This has been previously posted.

I had a dog who stepped up to the defense plate several times and she's a simple pet.


----------



## Carriesue (Aug 13, 2012)

That video seems a little silly, like a commercial for their business.

My Aussie was ready to defend me once... never heard a growl like that from him before, I certainly wouldn't have messed with him!


----------



## Anubis_Star (Jul 25, 2012)

KZoppa said:


> This has been previously posted.
> 
> I had a dog who stepped up to the defense plate several times and she's a simple pet.


Yeah, like I said it's just an interesting thought. I had a friend that tested this theory with her pit bull. She had some friends of her son "abduct" her in their van while walking down a dark street one night. Although her pit barked, she otherwise proceeded to just stand there while these strange men "forced" her into the van and even drove off a block. This was a dog that had also shown "protective" tendencies in the past, she had once barked at a group of strange drunken men that had approached the owner one other night while out on a walk. But when push really comes to shove, would even a barking dog truly attack and "protect"? Of course, this friend also thought up the theory "Maybe my fear would of otherwise motivated? Obviously when these men I knew were "abducting" me, I could only act angry or fearful, but I knew I was safe and maybe she sensed that?"

Zeke will bark at some people if there is an odd vibe about them, but in general he loves people. I don't know if he would truly attack someone to protect me or not. Luckily with our breed, them barking alone is usually enough to deter someone. But maybe we shouldn't depend on them as much as we do?

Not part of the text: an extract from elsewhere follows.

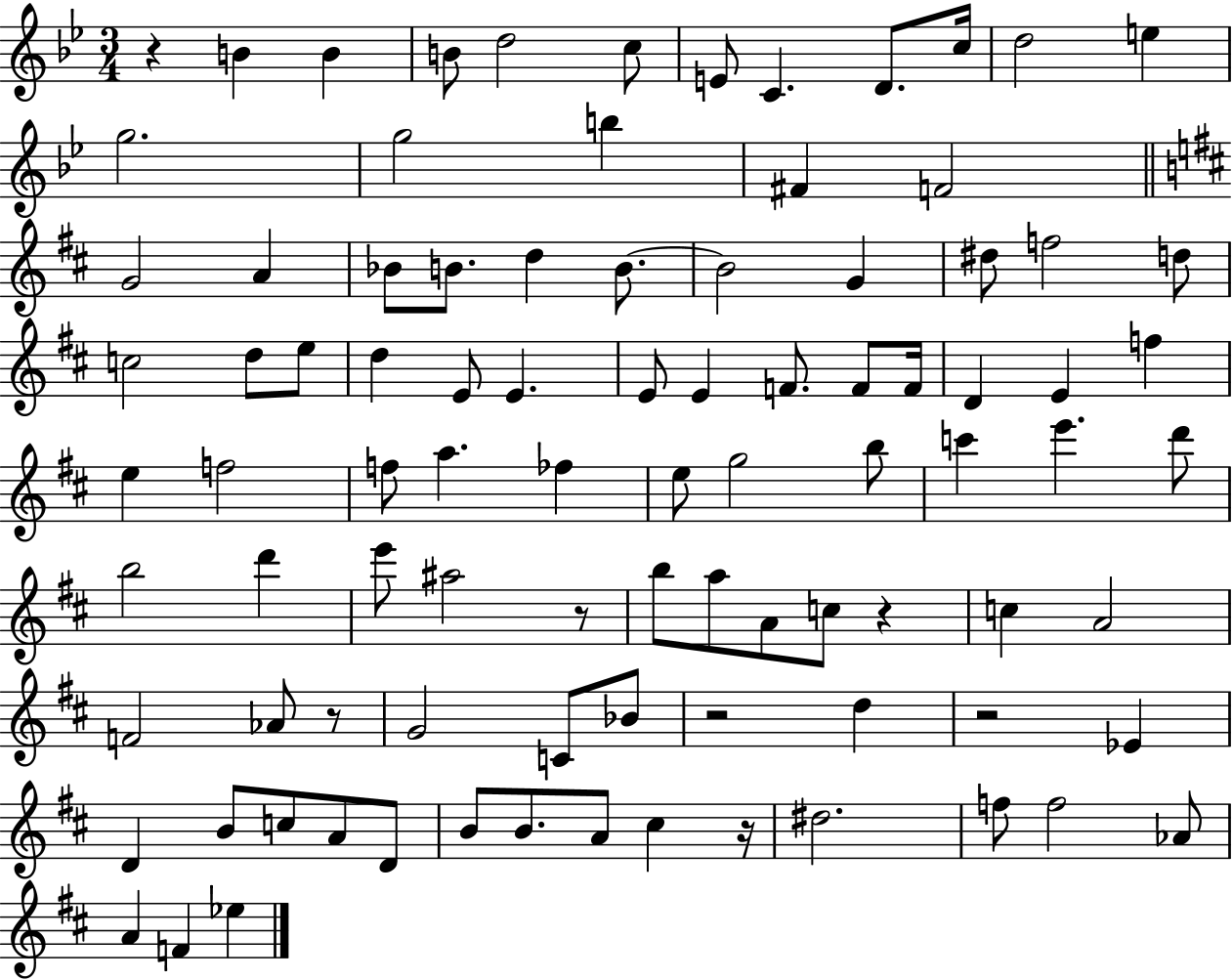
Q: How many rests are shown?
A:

I KNEW Luther would, because he did in the past. Of course he was also fear aggressive and did have a history of biting people, so not exactly the best dog in general. But I do really miss the amount of devotion he showed to me. He would not leave my side while I slept. One morning my dad stormed into my room joking around "If you don't get up I'm going to hit you!" Luther proceeded to jump ON TOP of me and lay there growling at my father, whom he otherwise adored in general.


----------



## OffgridAlex (Dec 11, 2012)

I have seen this before and I remain sceptical (partly because the people producing it are trying to sell something)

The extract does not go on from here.